Hard to get, "stalkerish" and "creepy", Things I have been called and their meaning
Here is what I think about the whole idea I have seen on here of my supposedly being "stalkerish", "creepy" or what have you. LS is not the first place I have been accused of that.
Some of you may wonder why I dismiss those comments with prejudice. Here is why.
I think I get that wrap because of my image as an intelligent black man who's interested in science and from suburban Chicago. Around here and across the country there are two prominent media images that people stereotype me with....Steve Urkel...and/or Ted Kaczynski.
In case you have forgotten what those images are like.
Urkel
http://www.youtube.com/watch?v=jMxavtveWYs
Kaczynski
http://www.youtube.com/watch?v=egRo8xhXxn8
Some women seem to get it in their heads that I will pursue them no matter how *itchy they are to me and "obsess" over them. They have it in their little heads that a man who is interested in science and technology is going to be like one of those guys.

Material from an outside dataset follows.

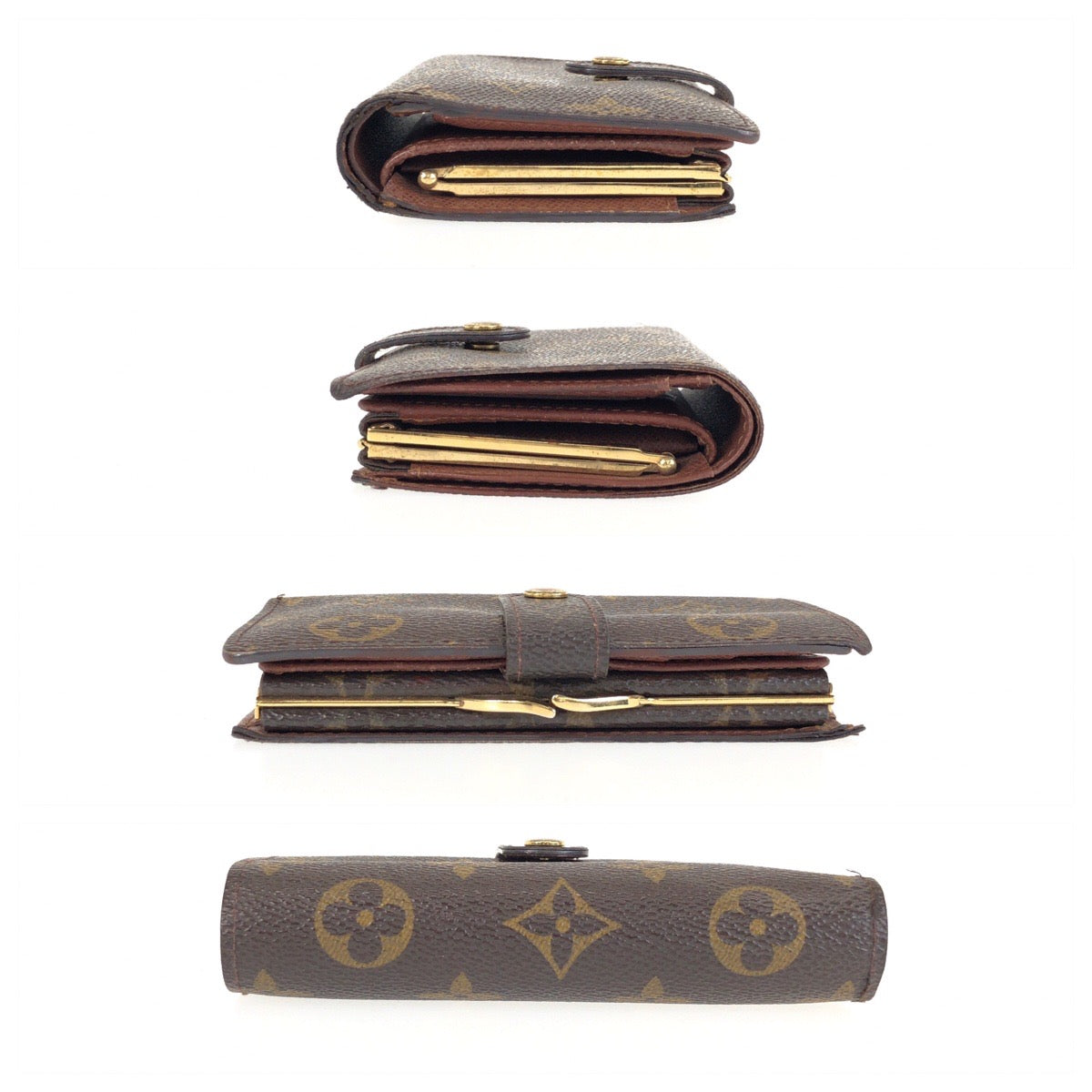 25476
LOUIS VUITTON ルイヴィトン モノグラム ポルトモネ・ビエ・ヴィエノワ ブラウン ゴールド金具 PVC M61663 折り財布 コンパクトウォレット レディース AB12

Other science types have the same problem. We eventually find partners who are able to see beyond these things . However allot of women never see beyond such imagery no matter what the reality of myself is.
Then they see me paying attention to another woman (or man) and I end up with a crazy woman on my hands. They thought I was so totally 150% in to them just because I was interested and polite. They thought I would obsess over them and inflate their ego.

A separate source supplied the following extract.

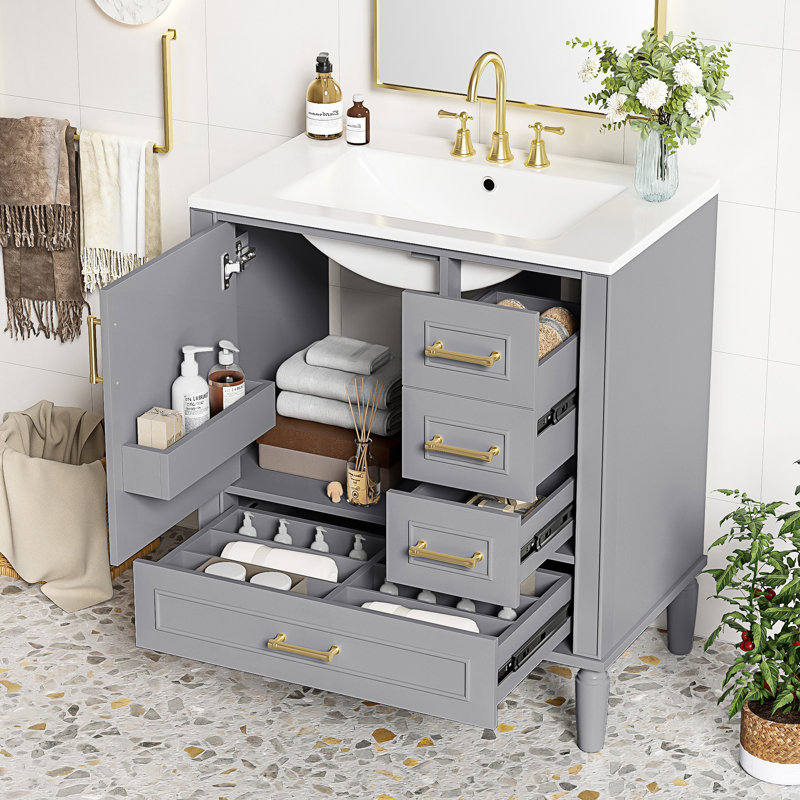Meuble-lavabo de salle de bain avec lavabo en céramique, porte à fermeture en douceur avec tablette intégrée, Gris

Let me give you an example.
In highschool I had geometry class with this one girl. She was a cheerleader. I had known her since 4th grade and expressed some interest in her. She said she wasn't interested and that was that...for my part. A few weeks latter I found out that there was a police investigation. She accused me of stalking her for "following" her to that geometry class. It turned out that my usual route was the shortest path from my first class to geometry class. While she was spending time in a area of the building near where my first class was that she should not have been.
In a sense she was stalking me. Stalking me and doing something called "false victimization syndrome.(google it) That is where the obsessional person sets up a situation where they can play the victim.
http://bobfiddaman.blogspot.com/2011/04/false-victimization-syndrome.html
This occurs when an individual attempts to convince others that he or she is being stalked through the invention of claims made to re-establish a failing relationship and/or gain attention (Zona, Palarea, and Lane, 1998).
Individuals who exhibit these characteristics may also fit the criteria for histrionic personality disorder (DSM-IV, 1994): demanding to be the center of attention, shallow expression of emotions which shift rapidly, and speaks in a manner that is overly impressionistic and lacking in detail.
It has happened to me many times and it's impact has been traumatic. It makes it hard for me to trust women. (That coupled with the fact that the other class of women who pursue me tend to be taken... some of the false victim's were also taken including the one I described here.)
I conclude with a quote from the urban dictionary which nails down how the words "creepy" and stalker have been used lately.
http://www.urbandictionary.com/define.php?term=st
It seems to be that the term 'stalker' no longer means what it used to mean--the pathological ANONYMOUS follower and tab-keeper of another person or persons (A detective who has not been hired and has no real reason to follow someone). The old definition also would say that a 'stalker' often has an imaginary connection with the stalkee.
HOWEVER, common usage of the term, along with the term 'creepy', has come to be used as a defense mechanism for anyone seeking justification for not being attracted socially or physically to someone else.
This term is nearly as overdiagnosed as ADHD is in children. Any women who think an undesirable man might be interested in her will almost always automatically label him a stalker.
Note: Far too many idiots think they're more important than they really are. Real stalkers seek out beautiful, interesting, and often famous members of the attractive gender. 90 percent of the people who use the term couldn't get a real stalker to save their lives.(These are the kind who are apt to be "false victims" as I described.)
A hot girl who follows you around and shows up at your door is a friend.
An ugly girl who follows you around and shows up at your door is now, according to most, a stalker.
A hot guy who gives you flowers is a romantic.
An ugly guy who gives you flowers is a stalker.
TLDR: The media images of men like me propogated the most widely in the last 30 years make us look obsessional, crazy, and socially inept. For the most part this makes women who end up finding us interesting think we would be soooo into them. So they go for the extra ego boost of trying to get a really dogged pursuit before giving in. When this does not materialize they react with a rage and scorn that is beyond reason.
The result of that media imaging is I think that for a large number of women they feel it would not be socially acceptable to have someone like me as their main man. Or if they do they have to feel that they made me work extra hard for it. The result being, in the most harmless cases, their playing hard to get to an absurd degree or their wanting to cheat with me.